Mail Archives: cygwin/2004/12/08/16:23:02
On Wed, Dec 08, 2004 at 10:17:17PM +0100, Bernhard Ege wrote:
>Bernhard Ege wrote:
>>Well, I am at a loss. My sshd service will not accept my password.
>>However, starting sshd like this:
>>
>>/usr/sbin/sshd &
>>
>>and then quitting the bash shell (optional) makes sshd work just fine,
>>accepting my password as it should.
>>
>
>>Invalid user bme from 127.0.0.1.
>
>Ok, I thought of one thing more to try just after sending my previous
>email. The above log line (invalid user) prompted me to check the owner
>of the /etc/passwd file and it was owned by bme (me). I changed it to
>SYSTEM and the sshd service worked again. I just figured SYSTEM was able
>to read my files and didn't think twice about it before now.
>
>I am sorry for not figuring this out before sending my email, but it is
>not always easy to debug foreign applications. :-/
I'm glad that you figured this out yourself. That's rare.
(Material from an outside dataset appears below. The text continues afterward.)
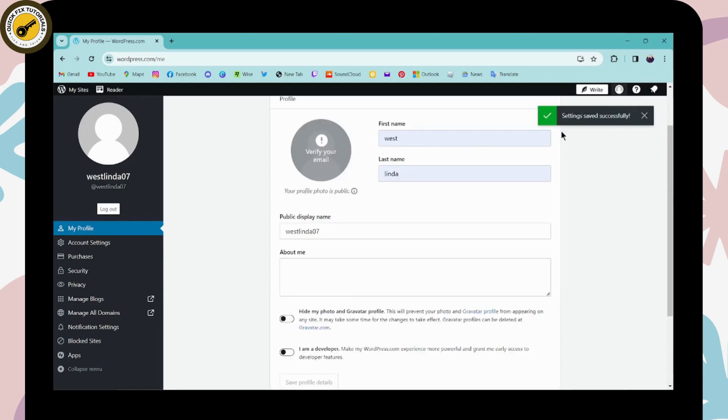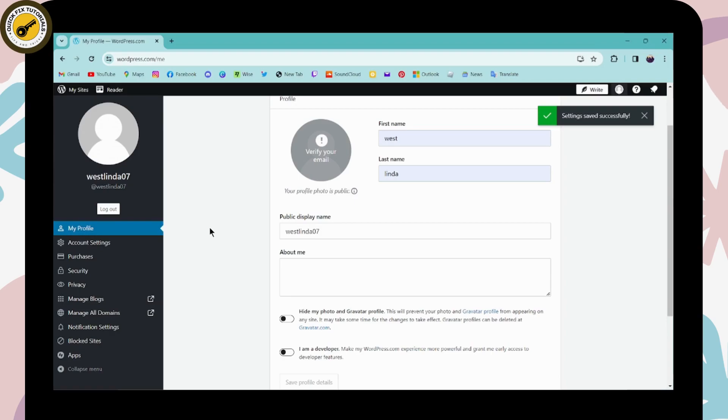That's it - your settings have been saved. Simply after entering your email address, it will automatically create your account. You can go to My Sites and view your account. That's how you create a WordPress account. If you have any questions, feel free to comment below. Thanks for watching.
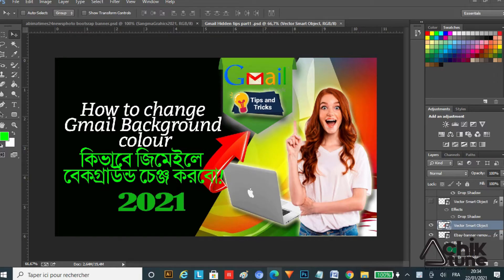Hi friends, welcome once again to my new tips and tricks video. Today we will learn how to change a Gmail background color on your Gmail accounts, and I will show you how to change your Gmail background color.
I think we have to do a better job somehow of assuring that the permissions
on files in /etc and other system areas are accessible via processes that
run as SYSTEM.
I wonder if maybe we shouldn't be using the windows service manager but
should be relying more on xinetd. Or, we could have one super-service
manager which sets itself up to spawn other applications.